On the rotation of elliptical galaxies

Abstract

The tensor virial theorem is applied to elliptical galaxies having similar isophotes. In the absence of residual velocity anisotropy the shape of such a galaxy turns out to determine uniquely the ratio of the rotational and random kinetic energies independently of the galaxy's radial density-profile or the speed with which its form rotates. Curves are displayed of the expected projected ‘rotation’ velocities of elliptical galaxies under a variety of assumptions about their forms and degrees of residual anisotropy. In the absence of residual velocity anisotropy prolate spheroidal galaxies rotate only three-quarters as fast as equivalently aspherical oblate galaxies. The isotropic oblate models being almost certainly eliminated by Illingworth's rotation-velocity data, the possibility that all ellipticals are prolate is investigated.

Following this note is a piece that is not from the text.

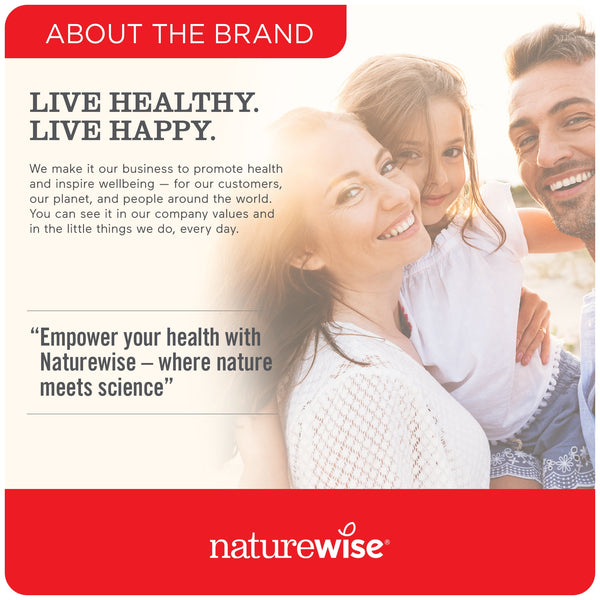 Vitamin B Complex - 360 Count
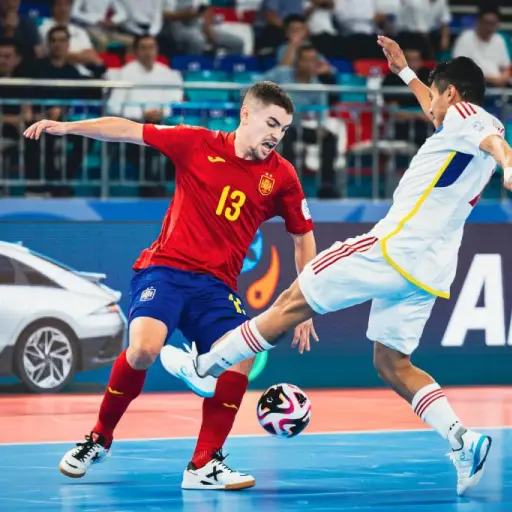 espana-venezuela-mundial-fustal.webp ,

A distribution of true ellipticities of prolate galaxies is derived which will account for the apparent ellipticities reported by Sandage, Freeman & Stokes and the corresponding distribution of points in the (∊, υ/σ) plane determined. If ellipticals are all prolate there should be only a weak correlation between apparent ellipticity and rotation velocity. This possibility is consistent with Illingworth&s data. A better fit to the observations is provided by anisotropic oblate models. The limitations of these models as well as the implications of galactic rotation for cosmogony are discussed.